The UK FRC has issued guidance for more conversations between audit committees and investors; G7 nations set out plans to halt nature loss by 2030.

The International Sustainability Standards Board (ISSB) in May will seek feedback on priorities for the next two years, publishing a request for information about agenda priorities with a comment period of 120 days.

The ISSB is also working on targeted amendments to the Sustainability Accounting Standards Board (SASB) standards to make sure references within the SASB standards are internationally applicable, according to a news release.

"As such, in May 2023 the ISSB will open a 90-day consultation on its proposed methodology for revising the SASB standards to improve their international applicability," the release said. "The project affects approximately 20% of the metrics included in the SASB standards, meaning most of the metrics will remain untouched."

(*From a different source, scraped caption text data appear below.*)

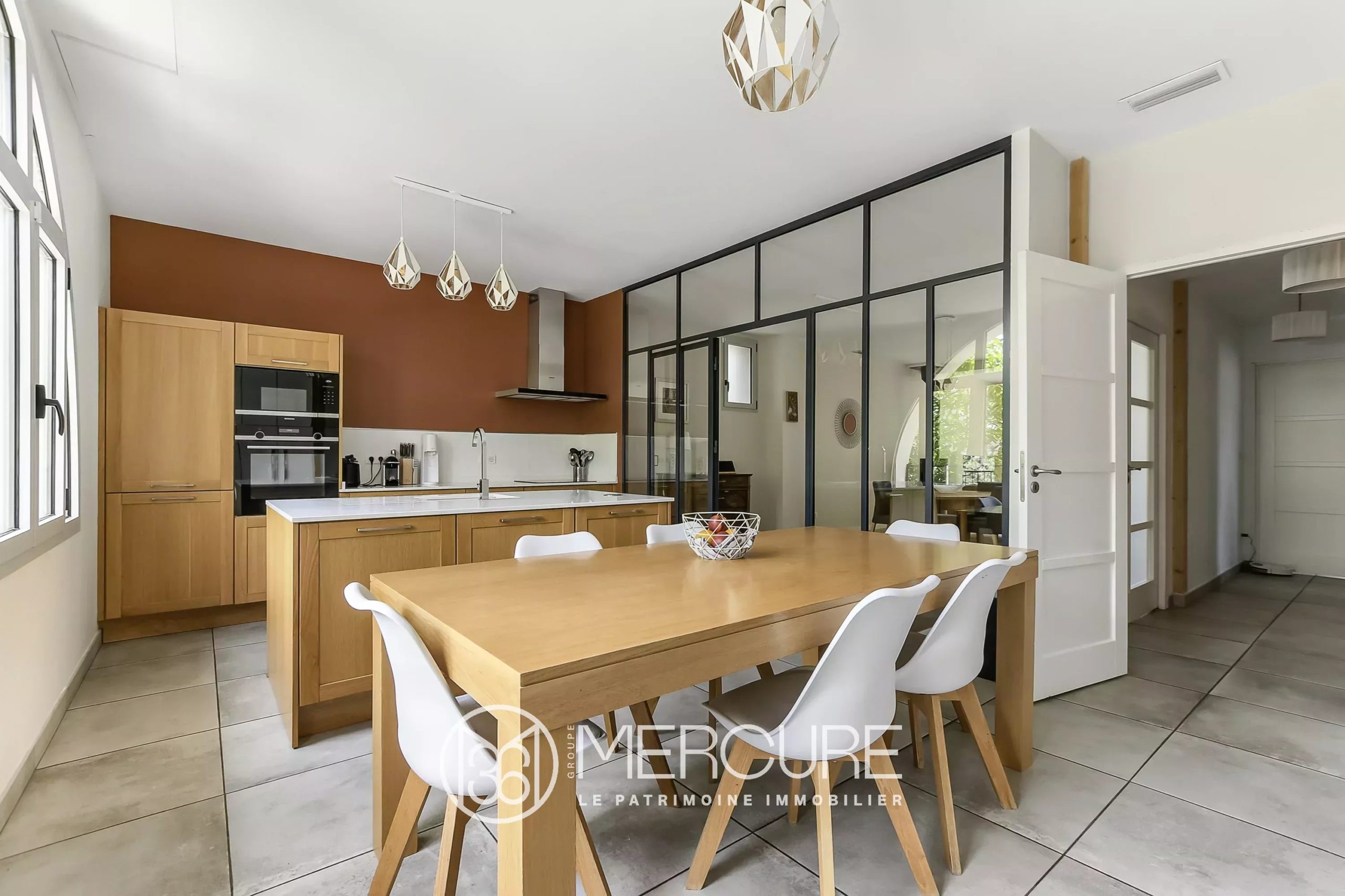 BELLE MAISON DE VILLE TOTALEMENT RÉNOVÉE - 9205TS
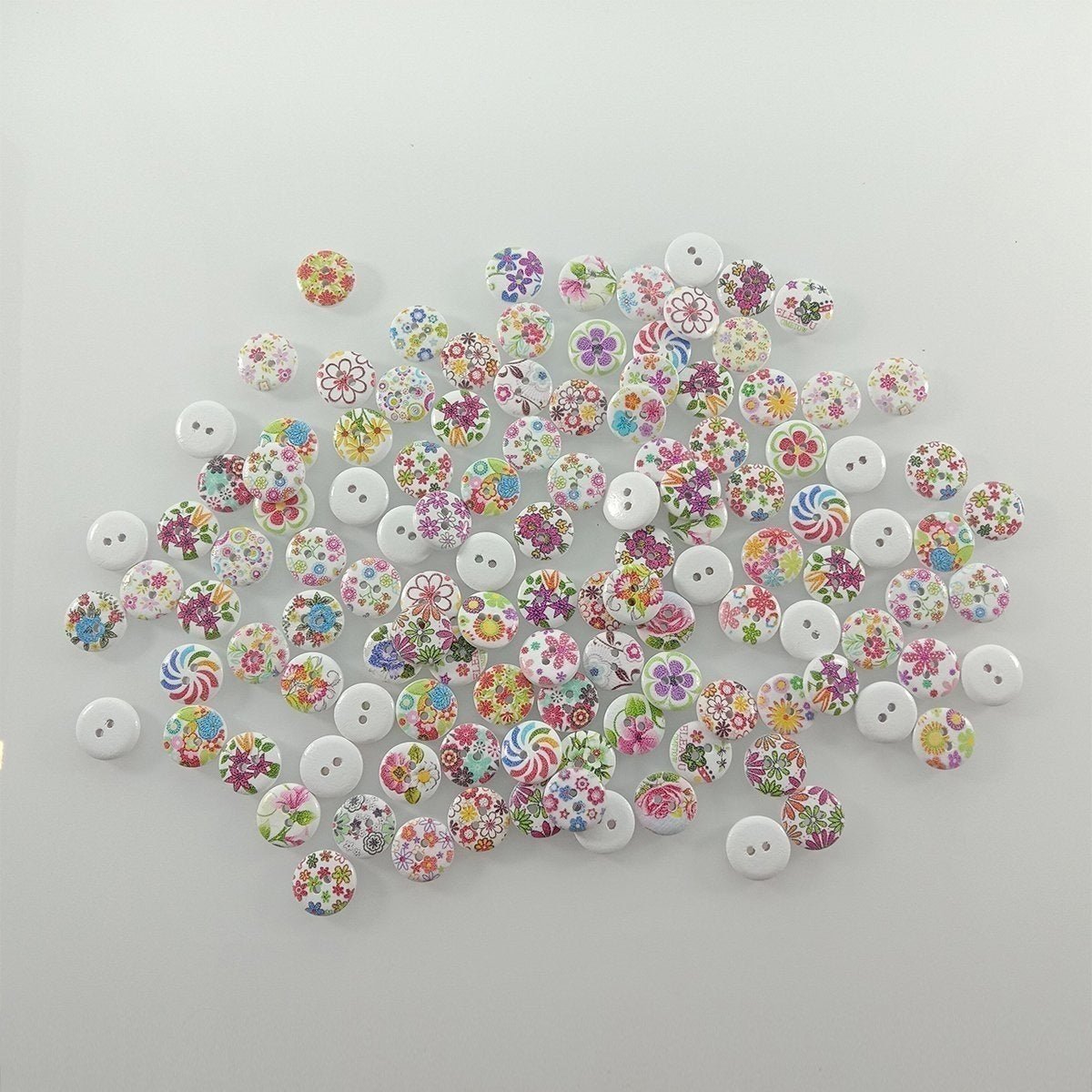 120pcs 2 Holes Wood Buttons Scrapbooking Clothing Accessories 15mm Sewing Handmake Painted Flower Craft - - Asia Sell
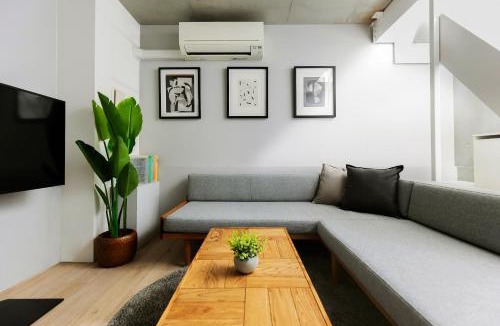 Setagaya Apartment | KOU Jiyugaoka 101
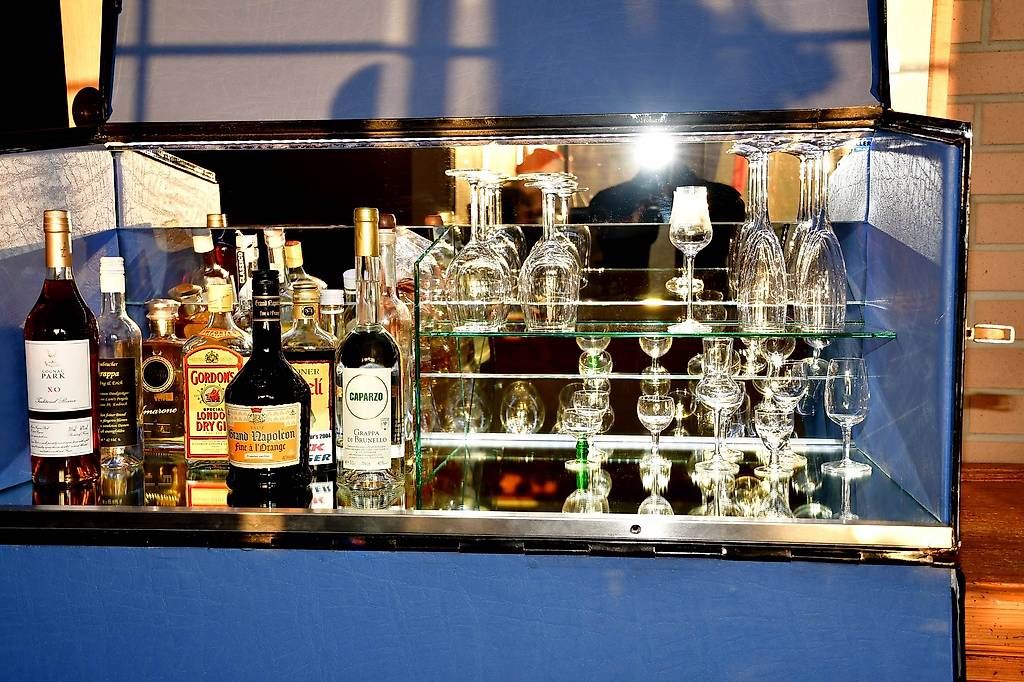 Ladenausstattungen & Messebau: Hausbar  – Gebraucht aus Winterthur von Erich48 2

SASB standards will serve as a source of guidance for companies to identify sustainability-related risks and opportunities and associated disclosures when applying the upcoming IFRS S1 to report on topics beyond climate, the release said.

FRC looks to boost investor-audit committee engagement

The UK Financial Reporting Council (FRC) launched guidance aimed at "promoting better engagement between investors and audit committees to facilitate better understanding of companies and their approach to financial reporting and internal control", a news release said.

To encourage such conversations, the FRC has developed a series of conversation starters structured by topic, the release said. These are aimed at investors wishing to engage with audit committees and companies on assurance-related topics.

"The conversation starters have been developed in consultation with stakeholders, including investors, audit committees, and other interested parties, and the FRC will continue to work with these stakeholders to ensure that they remain relevant and useful," the release said.

G7 nations commit to tackling nature loss

The Climate and Environment Ministers of the G7 have agreed to tackle global nature loss, a news release said.

The G7 members committed to the swift and effective implementation of the Global Biodiversity Framework (GBF), with the intent of halting and reversing biodiversity loss by 2030.

According to the release, the group also committed to redouble efforts to increase action to end plastic pollution by 2040, halt and reverse forest loss by 2030, protect marine biodiversity, and reduce pollution.